Defendant's further challenge to the capacity of the child witness to testify as a sworn witness lacks merit. The child witness was 11 years old at the time of trial and thus was presumed to have the capacity to testify under oath (see CPL 60.20 , ). In any event, " [t]he determination of the trial court [with respect to witness competency] should be sustained particularly where the testimony is received and the weight to be given it is left to the jury, unless there is a clear abuse of discretionary power' " (see People v Parks, 41 NY2d 36, 46), and we perceive no abuse of discretion on the record before us. The trial court was in the best position "to observe manner, demeanor and presence of mind" of the witness and to make appropriate inquiries (id.).
We further conclude that the court did not improvidently exercise its discretion in denying defendant's request for additional peremptory challenges during the joint trial (see People v Rolle, 4 AD3d 542, 544, lv denied 3 NY3d 647; cf. People v Hines, 109 AD2d 893, lv denied 66 NY2d 764), and we conclude that the court properly denied defendant's Batson challenge. The prosecutor set forth race-neutral reasons for striking the prospective juror in question, inasmuch as the prospective juror had a prior conviction as well as a relative with a prior conviction (see People v Cuthrell, 284 AD2d 982, 982-983; see generally People v Gajadhar, 38 AD3d 127, 137, affd 9 NY3d 438).

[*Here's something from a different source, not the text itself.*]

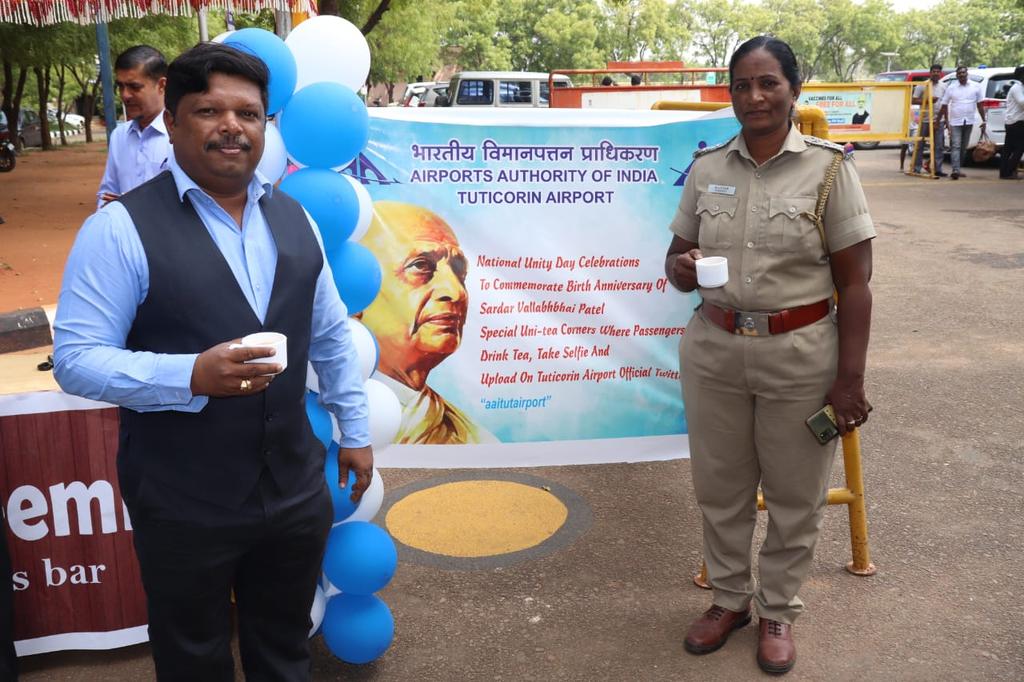 aaitutairport's tweet image. UNI-TEA corners in celebrating #SardarVallabhbhaiPatel on #NationalUnityDay2022.
#unityday2022 @AAI_Official @MoCA_GoI @PIB_India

Contrary to defendant's contention, the conviction is supported by legally sufficient evidence (see generally People v Bleakley, 69 NY2d 490, 495). Further, viewing the evidence in light of the elements of the crimes as charged to the jury (see People v Danielson, 9 NY3d 342, 349), we conclude that the verdict is not against the weight of the evidence (see generally Bleakley, 69 NY2d at 495). Contrary to defendant's further contention, because a trial court has "the inherent power . . . to control its own calendar" (People v Trait, 70 AD2d 1057, 1057; see People v Cangiano, 40 AD2d 528, 529), we conclude that the court did not abuse or improvidently exercise its discretion in refusing to adjourn sentencing to enable defendant to prepare a written CPL article 330 motion (see People v Williams, 302 AD2d 903; People v Cummings, 284 AD2d 907, lv denied 97 NY2d 640, 680). Finally, we conclude that the sentence of life without parole is not unduly harsh or severe. Defendant was convicted of attempting to kill two children and killing four people, one of whom was holding her 11-month-old baby in her arms.